9-10) Musa-Harun Peygamberler
Yeryüzünün en muktedir hükümdarlarından biri olan Firavun’a karşı kararlılıkla mücadele eden ve adalet için kesintisiz bir özgürlük cihadı başlatan Tevhid Dini’nin önderlerinden Musa peygamberin Kur’an’da çok sayıda duası zikredilmektedir.


h) Peygamberimiz Muhammed SAV’in Kahhariye Duaları
Veyl Duası
Veyl; yazıklar olsun kahrolsun gibi anlamlara gelen bir kınama ifadesidir. Hümeze Suresi bir yakarış olarak Allah’a takdim edildiği vakit kahhariye duaları kapsamında değerlendirilebilir. Çünkü içinde kötü niyetle müminleri dillerine dolayarak çekiştirenlere veyl edilmesi/kınanması istenmektedir. Surede Yüce Allah Hümeze-Lümeze güruhuna veyl etmekte bizden de veyl etmemiz istenmektedir.

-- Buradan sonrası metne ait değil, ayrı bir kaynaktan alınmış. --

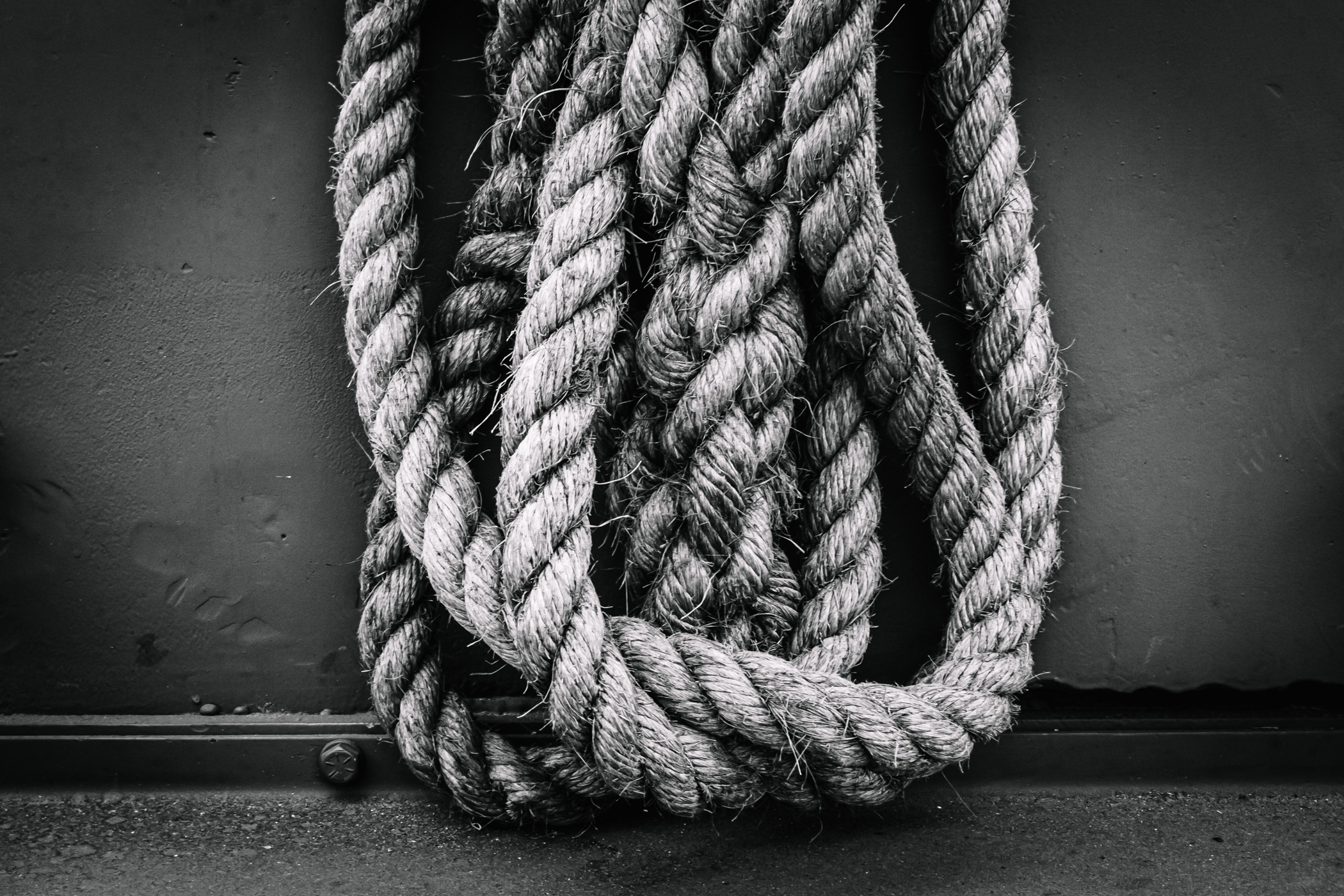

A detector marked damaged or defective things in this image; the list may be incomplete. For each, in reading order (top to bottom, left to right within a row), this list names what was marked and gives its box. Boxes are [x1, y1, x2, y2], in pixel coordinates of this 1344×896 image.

rusty bolt [314, 741, 357, 784]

“Veyl olsun bütün hümeze-lümeze gruplarına. O (gruplar) ki serveti biriktirir ve onu bir kalkan sayar. Zanneder ki serveti onu sonsuza dek yaşatacak! Hayır aksine o öteki dünyada Hutame’ye/çökerten bir azaba terk edilecektir. Bilir misin nedir o Hutame? Allah tarafından tutuşturulmuş bir ateştir: (günaha batmış olanların tüm hücrelerine işleyen) gönüllerin üstüne kurulmuş üzerlerine salınacak olan bir ateş; uzayıp giden sütunlar arasında.” (Hümeze104/1-9.)

Tebbet Duası
Leheb Suresi’nde geçen Ebu Leheb ve karısının hakimiyetlerinin sona ermesi için yapılan çağrı bir beddua değil kahr duasıdır. Biz de bu duada örnekten hareketle çağdaş Ebu Lehebler’in ellerini kurutmak için sözbirliği ve eylem birliği yapmalı onların sömürü saltanatlarının payandası değil korkulu rüyası olmalıyız.
“Kahrolsun Ebu Leheb’in iki eli ve kahrolsun kendisi zaten kahroldu da. Ne faydası olacak servetinin ve kazancının? Öteki dünyada şiddetle parlayan bir ateşe atılacak. İğrenç söylentilerin taşıyıcısı olan karısı ile birlikte. O ki boynunda bükülmüş iplerden bir halat taşır.” (Leheb Suresi 111/1-5.)


g) Rabbe Şikayet Duası
Peygamberimiz Muhammed SAV’in Kur’an’ı terk edenleri onun hayatla ilgisini kesip koparanları Kıyamet Günü bu dua ile Allah’a bir şikayet olarak takdim edeceği beyan edilmiştir:
“Ey Rabbim!Halkımdan bazıları bu Kur’an’ı gözden çıkarılacak bir şey olarak gördüler.”(Furkan25/30.)